Albertine Disparue, Proust. Mélanie a lu toute la Recherche et fait preuve d'une grande bienveillance.
1. Cet envoi signifie à peu près le fameux: "un jour tu te réveilleras et tu auras oublié Boris". Je n'en suis pas encore à la tendresse de seconde main, je n'y arrive pas, pourtant je fais beaucoup d'efforts. J'ai vu quelques films où le personnage aime durant toute sa vie un même individu, de façon unilatérale. Catherine Deneuve, par exemple, aime Jaromil même quand il est joué par Milos Forman (qui a à peine forme humaine; c'est vraiment pas banal). Et là, je dois vous dire que ça me fait flipper. C'est bien mon genre l'unilatéralité en plus. Et si j'étais coincée pour une durée indéterminée. C'est tout le problème quand ton amant ne meurt pas.
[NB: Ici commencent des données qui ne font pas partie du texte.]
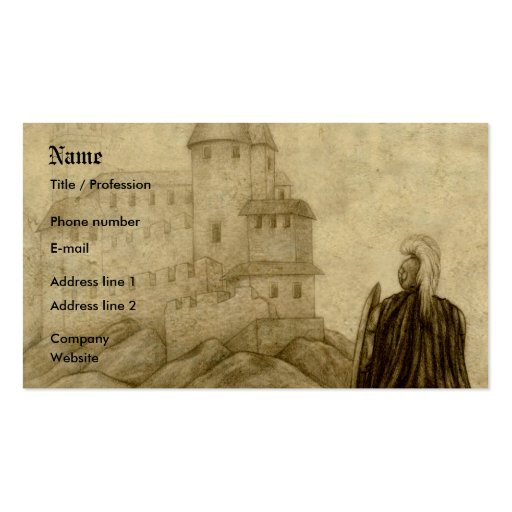 Medieval Business Card (front side)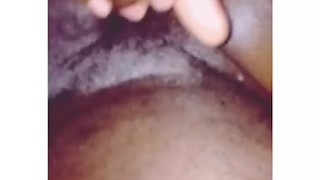 Stroking black dick
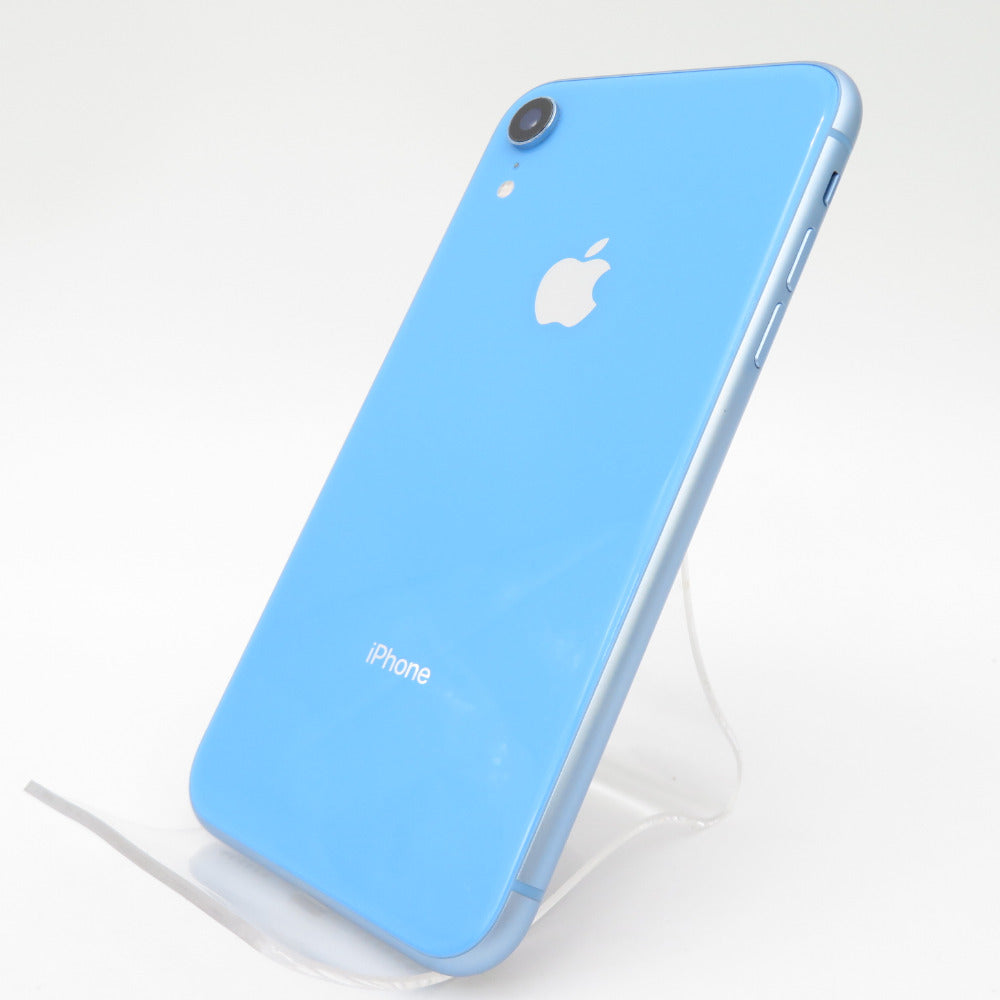 Apple iPhone XR (アイフォン テンアール) SoftBank版 64GB MT0E2J/A ブルー SIMロックあり ネットワーク利用制限〇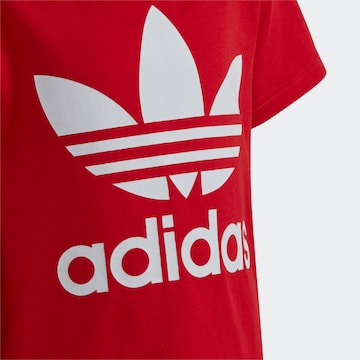 T-Shirt 'Adicolor Trefoil' ADIDAS ORIGINALS en rouge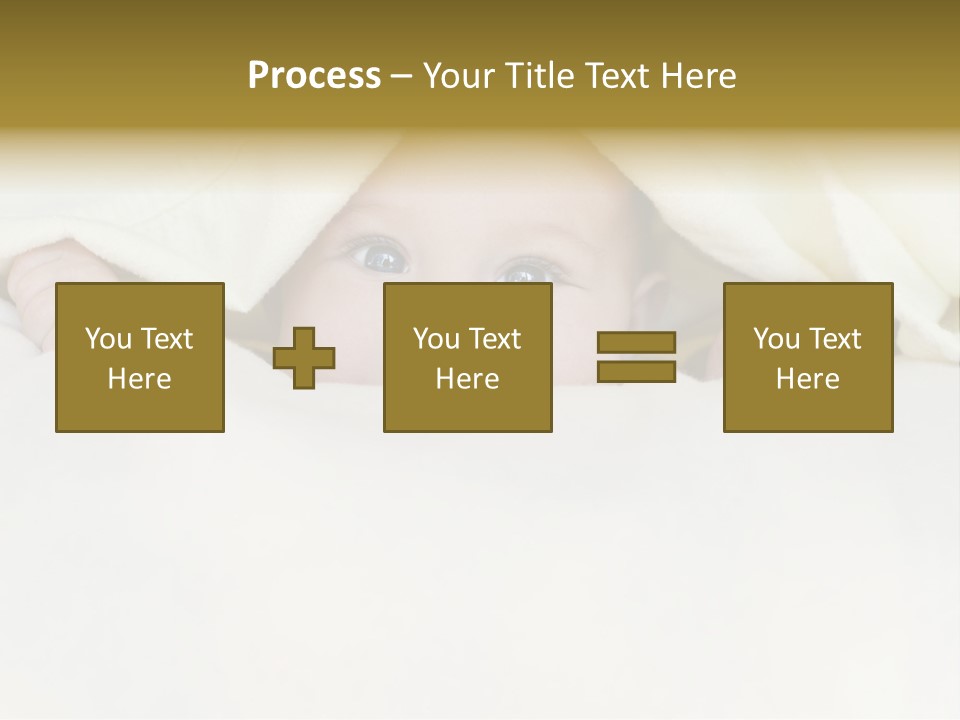 A Baby Peeking Out From Under A Blanket PowerPoint Template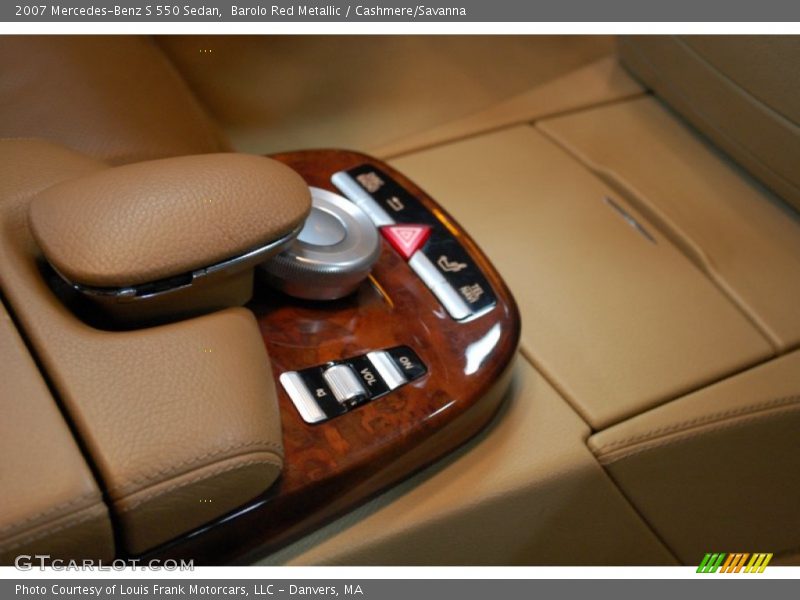 Barolo Red Metallic / Cashmere/Savanna 2007 Mercedes-Benz S 550 Sedan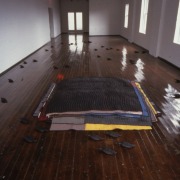 slide IRC.2012.02332 (old number: SMI.K-F007) showing Kiki Smith's installation, Flight Mound, at the Mattress Factory, 1998.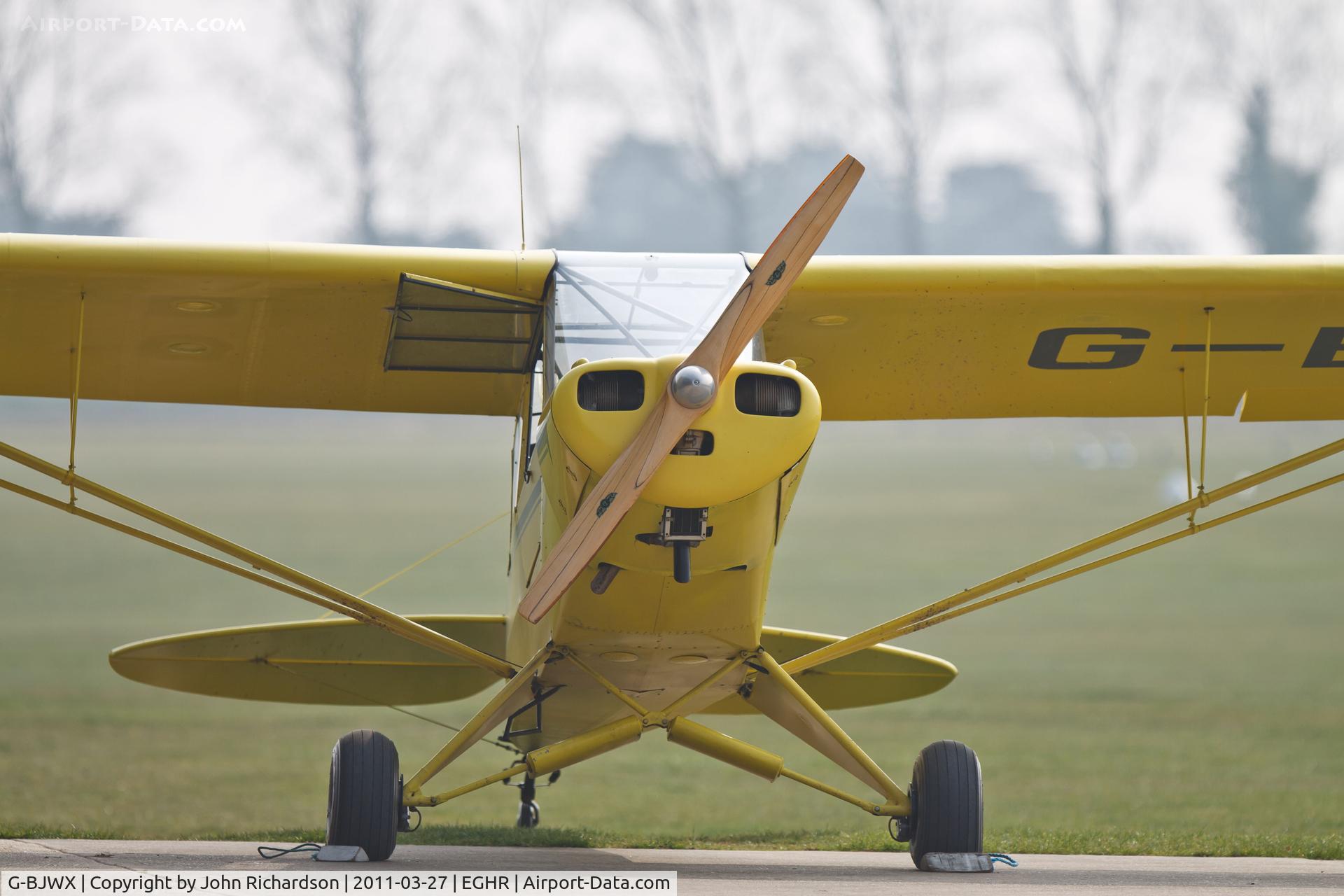 G-BJWX, 1952 Piper L-18C Super Cub C/N 18-1985, Parked at Goodwood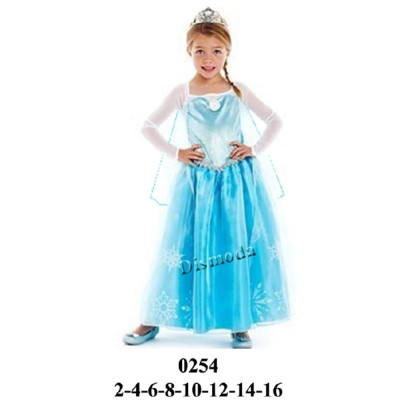 Molde de Disfraz de elsa (frozen) | 0254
2. Mélanie est-elle convaincue que l'on peut tout penser avec Proust, parce que tout a été pensé par Proust (oui)? Je citerais à cet égard Dawson, qui lui, imaginait que tout était dans Spielberg; cependant, on ne peut pas vraiment s'y fier étant donné qu'il est le fruit d'un mauvais scénariste américain qui trouvait certainement underground le fait d'aimer Spielberg. Tu as un peu foiré sur ce coup là mon petit gars.